Nederlandse landschappen

Beoordeling 4.7
Foto van een scholier
  • Praktische opdracht door een scholier
  • 3e klas havo | 2258 woorden
  • 26 mei 2006
  • 51 keer beoordeeld
Cijfer 4.7
51 keer beoordeeld

Taal
Nederlands
Vak
Inhoudsopgave

Inleiding

Hoofdstuk 1 Wat verstaan wij onder het landschap?

Hoofdstuk 2 Wat is of zijn de functie(s) van het landschap?

Hoofdstuk 3 Wat voor landschap(pen) kent Nederland?

Hoofdstuk 4 Wat zijn de kenmerken van deze landschappen?

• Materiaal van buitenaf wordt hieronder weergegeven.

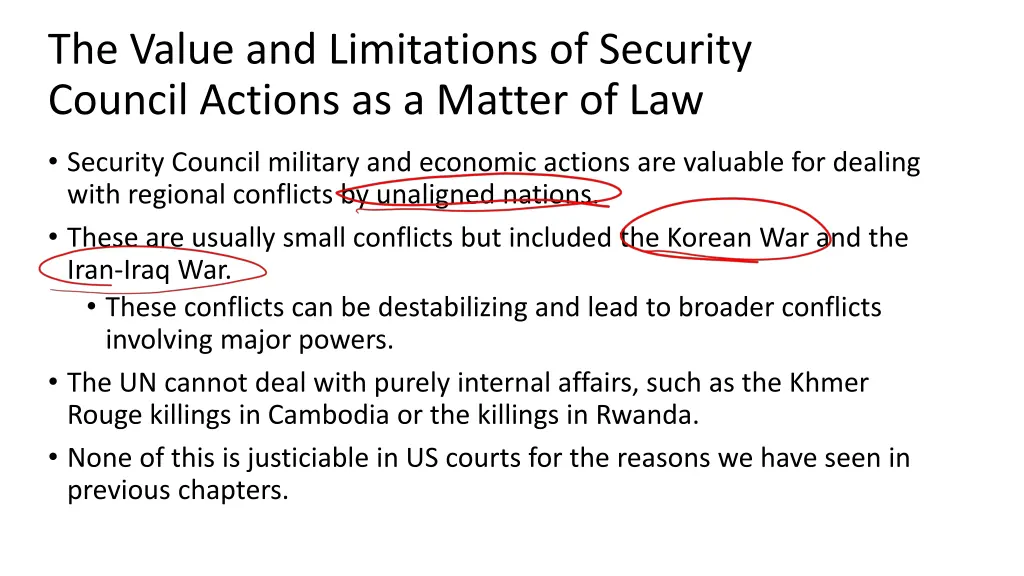 the value and limitations of security council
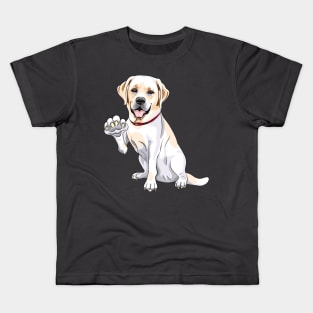 Labrador Retriever smiles and gives a paw Kids T-Shirt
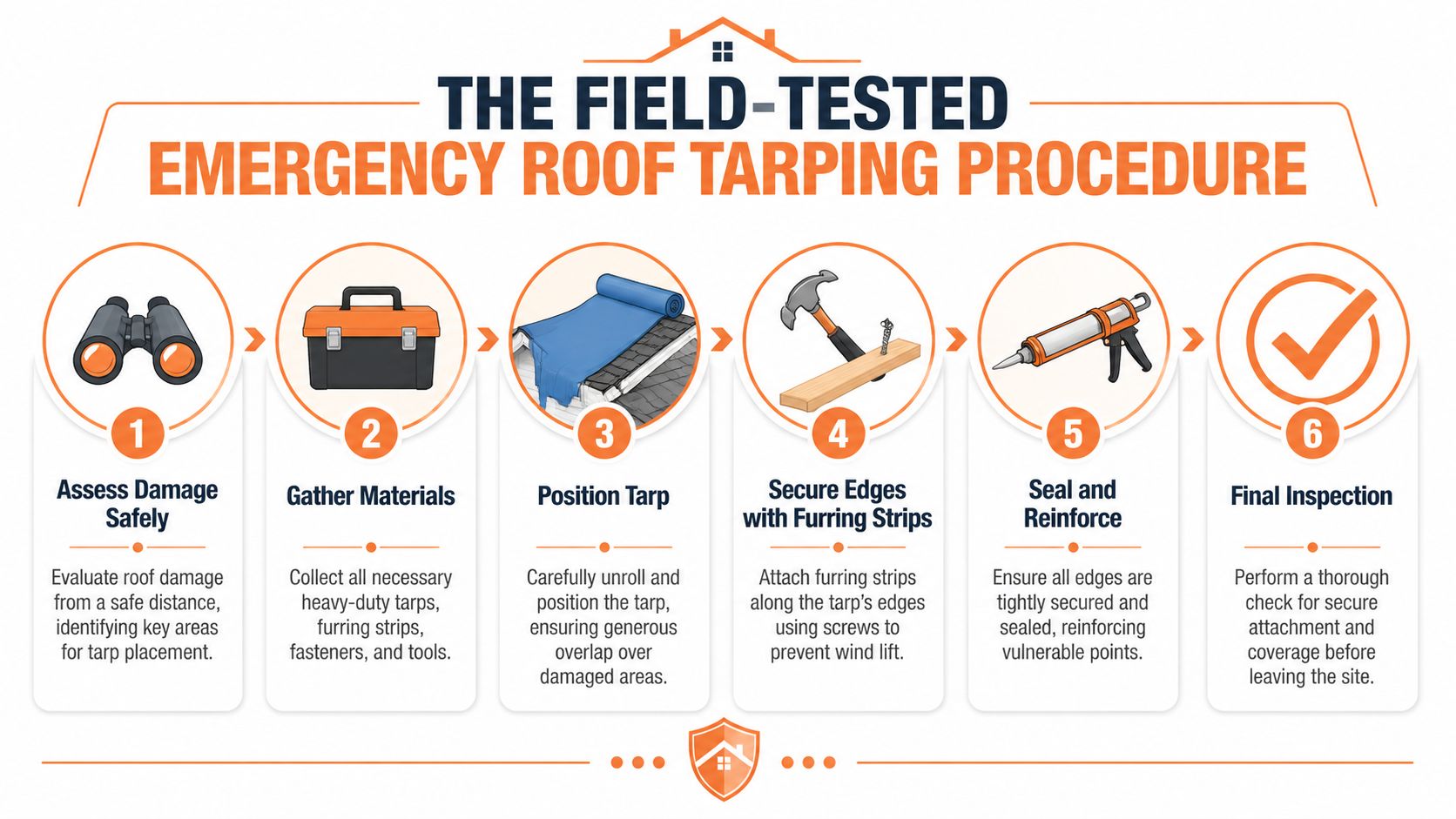 A six-step infographic illustrating the professional procedure for safely applying an emergency roof tarp.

Hoofdstuk 5 Waar vind je deze landschappen in Nederland?

Hoofdstuk 6 Hoe zijn deze landschappen ontstaan?

Hoofdstuk 7 Voorbeelden van landschappen.

Conclusie

Bronnen

Inleiding

Ik heb besloten om mij praktische opdracht voor Aardrijkskunde over Nederlandse landschappen te doen. Voor dit onderwerp heb ik gekozen omdat, het volgens mij een goede voorbereiding is voor het SE3 en het eindexamen van Aardrijkskunde, dit omdat hierover hoogstwaarschijnlijk vragen zullen komen. Als hoofdvraag behandel ik: Zijn er verschillende landschappen in Nederland en zoja hoe kun je deze van elkaar onderscheiden. Na aanleiding van mijn hoofdvraag heb ik de deelvragen opgesteld. Deze zal ik in enkele hoofdstukken gaan verwerken.

Hoofdstuk 1
Wat verstaan wij onder het landschap?

Vroeger zag men landschap in Nederland als het gebied buiten de steden, het platteland. Tegenwoordig verstaan wij onder landschap alle zichtbare oppervlakte van de aarde die zowel door natuurlijke processen als door het ingrijpen van de mens is gecreëerd.

Hoofdstuk 2
Wat is of zijn de functie(s) van het landschap?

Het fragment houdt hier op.